(GOAL OF THE EXERCISE)
Skip the images and repeat every entry word for word.

Stored items from a collection:
--

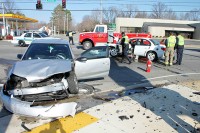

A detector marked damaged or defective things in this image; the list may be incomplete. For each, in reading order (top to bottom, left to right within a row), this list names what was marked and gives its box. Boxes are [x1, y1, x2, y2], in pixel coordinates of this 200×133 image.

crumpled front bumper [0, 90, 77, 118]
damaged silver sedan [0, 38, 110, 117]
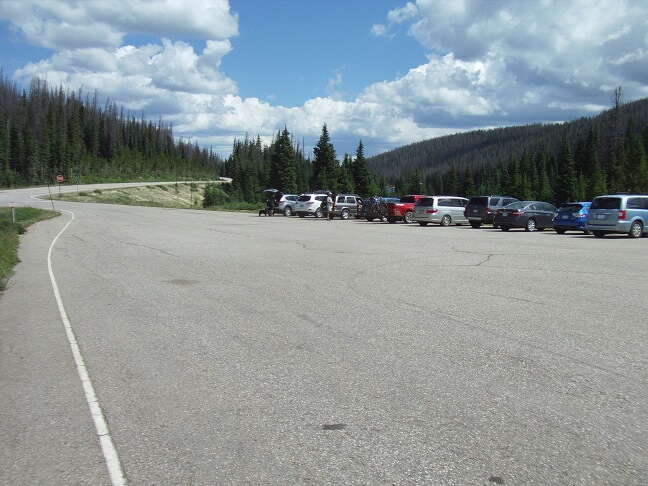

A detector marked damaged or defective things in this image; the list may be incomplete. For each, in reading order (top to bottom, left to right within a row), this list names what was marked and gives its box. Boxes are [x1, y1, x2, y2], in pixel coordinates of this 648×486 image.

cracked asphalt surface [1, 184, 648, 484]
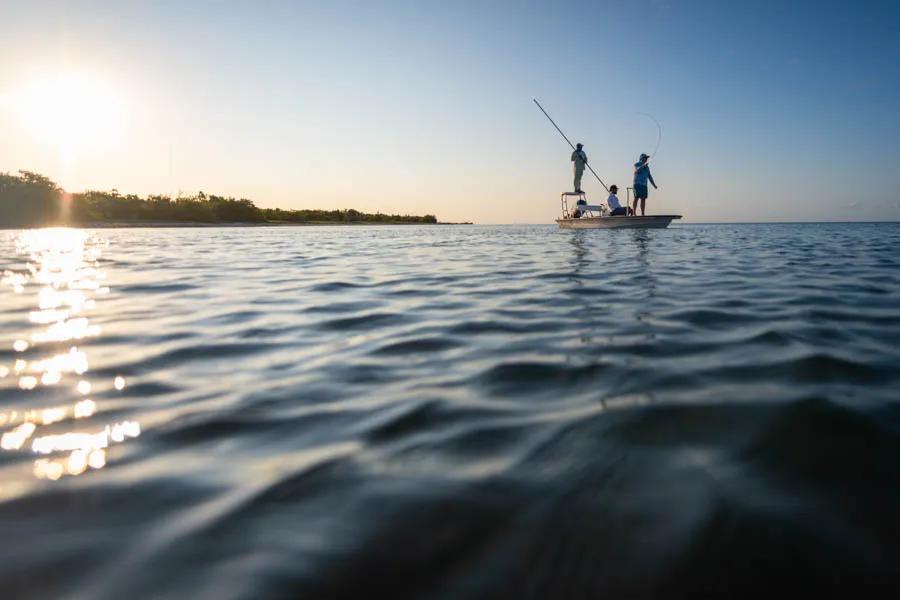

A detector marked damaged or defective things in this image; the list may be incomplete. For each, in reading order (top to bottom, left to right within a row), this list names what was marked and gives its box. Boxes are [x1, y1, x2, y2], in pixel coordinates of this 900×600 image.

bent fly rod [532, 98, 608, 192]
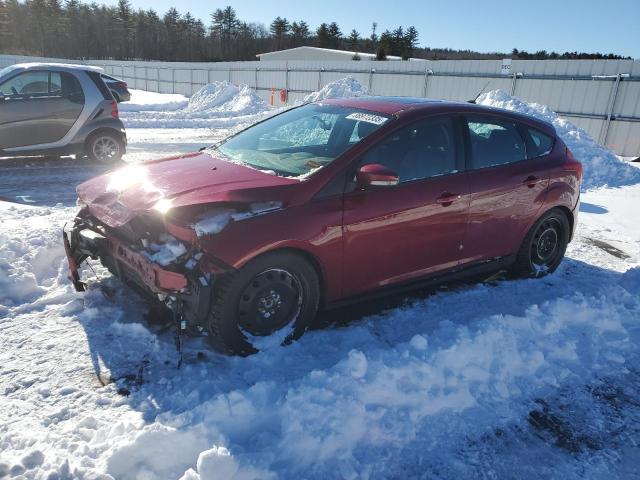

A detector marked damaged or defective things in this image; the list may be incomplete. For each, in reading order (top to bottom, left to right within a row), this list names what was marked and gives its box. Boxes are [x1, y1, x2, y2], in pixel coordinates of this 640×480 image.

--

(FINISHED EXERCISE)
A detector marked damaged or defective things in this image; the list may be incomplete. For each, in reading order (top to bottom, left to right within a row), this list names what was marked and gives its box. Boxes are [x1, y1, x2, y2], in pixel coordinates of this 200×133 image.

crumpled front bumper [0, 90, 77, 118]
damaged silver sedan [0, 38, 110, 117]

A detector marked damaged or defective things in this image; the list may be incomplete. For each, in reading order (top to bottom, left to right within a row), this list names what was marked and gives its box. Boxes are [x1, y1, x2, y2], in pixel coordinates of this 648×486 image.

cracked asphalt surface [1, 184, 648, 484]

A detector marked damaged or defective things in this image; the list may be incomplete. For each, in reading order (top to bottom, left to right within a row), this list names what was marked and gives its box. Boxes are [x1, y1, x2, y2], in pixel coordinates of this 900×600 image.

bent fly rod [532, 98, 608, 192]

A detector marked damaged or defective things in this image; the list may be incomplete. For each, in reading order (top to bottom, left to right within a row), this list names what was marked and gives its box. Boxes are [x1, y1, x2, y2], in pixel coordinates of this 640×480 image.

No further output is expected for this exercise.